Various Image-Related AI Tasks

Why Create This Page

I want to create this page to test out various tasks that need to be accomplished with Machine learning models with respect to images. Some of these tasks include:

Image Feature Extraction

Image Feature extraction is the task of extracting semantically meaningful features given an image., This has many use cases, including similarity and image retrieval. Moreover, most computer vision models can be used for image feature extraction, whether one can remove the task specific head (image classification, object detection, etc.) and get the features. These features are very useful on a higher level: edge detection, corner detection and so on.

I am using the google/vit-base-patch16-384 model for image feature extraction.

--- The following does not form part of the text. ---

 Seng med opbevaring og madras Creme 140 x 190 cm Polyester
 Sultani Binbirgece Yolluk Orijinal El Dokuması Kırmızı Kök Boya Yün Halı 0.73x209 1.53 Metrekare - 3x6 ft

The Vision Transformer (ViT) model pre-trained on Imagenet-21k (14 million images, 21,843 classes) at resolution 224x224, and fine-tuned on ImageNet 2012 (1 million images, 1,000 classes) at resolution 384x384. This model is a transformer encoder model (BERT-like) pretrained on a large collection of images in a supervised fashion.

Upload an image in the form below and submit the form to perform image feature extraction.

Image Captioning

Image captioning is the task of predicting a caption for a given image. Common real world applications of it include aiding visually impaired people that can help them navigate through different situations. Therefore, image captioning helps to improve content accessibility for people by describing images to them.

I use the Salesforce/blip-image-captioning-large model for image captioning. This model proposes BLIP, a new VLP framework which transfers flexibly to both vision-language understanding and generation tasks. effectively utilizes the noisy web data by bootstrapping the captions, where a captioner generates synthetic captions and a filter removes the noisy ones.

Upload an image in the form below and submit the form to get an AI-generated caption for the image.

Image Safe Search

Image safe search is important for sites and applications that intend to promote content to people of all ages. It is the task of finding inappropriate content in an image and flagging that inappropriate content.

I use the Falconsai/nsfw_image_detection model to detect not safe for work images. If you intend to have a lot of people uploading images to your site, then most external APIs that detect inappropriate images for you are cost-prohibitive:

This Fine-Tuned ViT is a variant of the transformer encoder architecture, similar to BERT, that has been adapted for image classification tasks. The overall objective of [the] training process was to impart the model with a deep understanding of visual cues, ensuring its robustness and competence in tacking the specific task of NSFW image classification. This model is intended to be used for NSFW Image Classification. It has been fine-tuned for this purpose, making it suitable for filtering explicit or inappropriate content in various applications.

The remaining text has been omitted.